“Such a long journey,” I often heard after telling friends how long our flights from New York City to Kampala, Uganda were – almost 16 hours by plane.

“It is,” I always responded, but, lately, with a wince. I’d just finished reading “Heart of Darkness,” by Joseph Conrad, about his narrator, Marlow, and his long journey up the Congo river to meet Kurtz, a representation of the depravity of colonialism. That journey took Marlow several weeks from England into Belgian Congo, a treacherous voyage, one that Kurtz himself did not survive. Compared to that journey, what was 16 hours?

I was also headed to Africa, like Marlow, not to the Congo, but near another much sought after spot that cost many lives.

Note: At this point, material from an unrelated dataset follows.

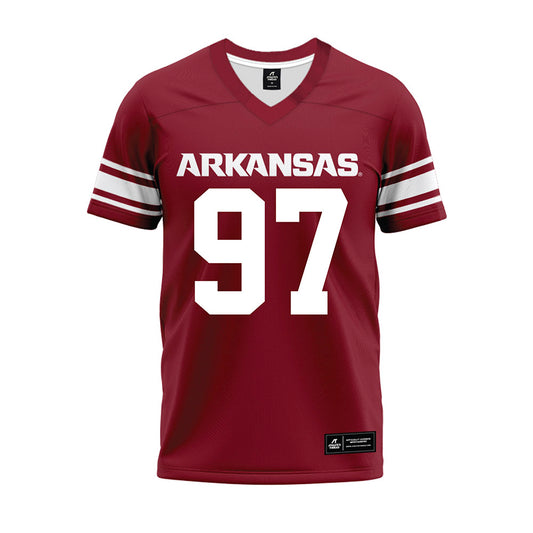 Arkansas - NCAA Football : Quincy Rhodes Jr. - Cardinal Premium Football Jersey-0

The source of the world’s longest river, the Nile. Many Europeans spent years on jungle treks, often at loss, seeking this spot which, today, was only a two hours public taxi ride from Kampala. Total travel time from New York – 18 hours.

The epicness of where I am, a place which was the driving force of so many dreams, adventures, and legends, seems utterly lost. The image of sailors, after weeks of hard journey, coming upon Lake Victoria, the second largest freshwater lake in the world, where today, the cafe I’m sitting at plays American rock music, the television shows CNN, and everyone accepts American dollars. This evening, I’m expecting a phone call from my parents, their voices clear on my Ugandan cell phone, the distance between us cut down to nearly nothing. The majesty is lost, the magic, fading.

As I look at the pointed necks of the kingfisher birds diving into the surprisingly clear, crystal water, the gentle flow upwards towards South Sudan pushing longboat fisherman northward, I imagine another dream.

To sail all the way up the Nile, on a small boat, to see the amazing contrasts in landscapes and cultures. Tropical Uganda, the temperate Sahel, the Sahara and then the fertile Nile Valley. How grand it would be, to start here, and end in Alexandria and enter the Mediterranean above the same water that flowed out of this great lake.

And how impossible it would be.

The idyllic picture of the Nike view you see above is a human creation. Three months ago, the gently flowing river below was a raging waterfall, one that had flowed for thousands of years, crafting the rocks through the slow change of time. No longer – a new damn has shut off the falls, all in the name of electricity for development in a country that lacks adequate power. Along the Nile are numerous dams, which make my dream sail impossible.

Even if I could traverse all the borders, and get across all the damns, I still might not be able to make it to Alexandria. The increasing demands by rapidly growing populations through industry and agriculture are taking its tolls on the rivers flow. Often, the Nile fails to make it all the way to the ocean, instead, drying up miles before Alexandria.

In one way, yes, it is easy for me to come here, and see the source of the Nile. But at the same time, the modern world makes its impossible for me to understand what being here really means. The Nile I see before me today is only a facsimile of the grand Nile of the Pharaohs and the many kingdoms of Africa, a river that during its long, epic journey, flows across half of a continent, the birthplace of the human species.

In three days I’ll head back home, another 16 hour journey that distorts how far Africa really is from New York. I will try my best to grasp the distance that I have traveled. Somehow, I hope to understand my place, standing here, looking onto the Nile for the first time in my life, and the generations that have come before me, and most importantly, those that will come after me.

What will they see here? How will they relate to my experience here?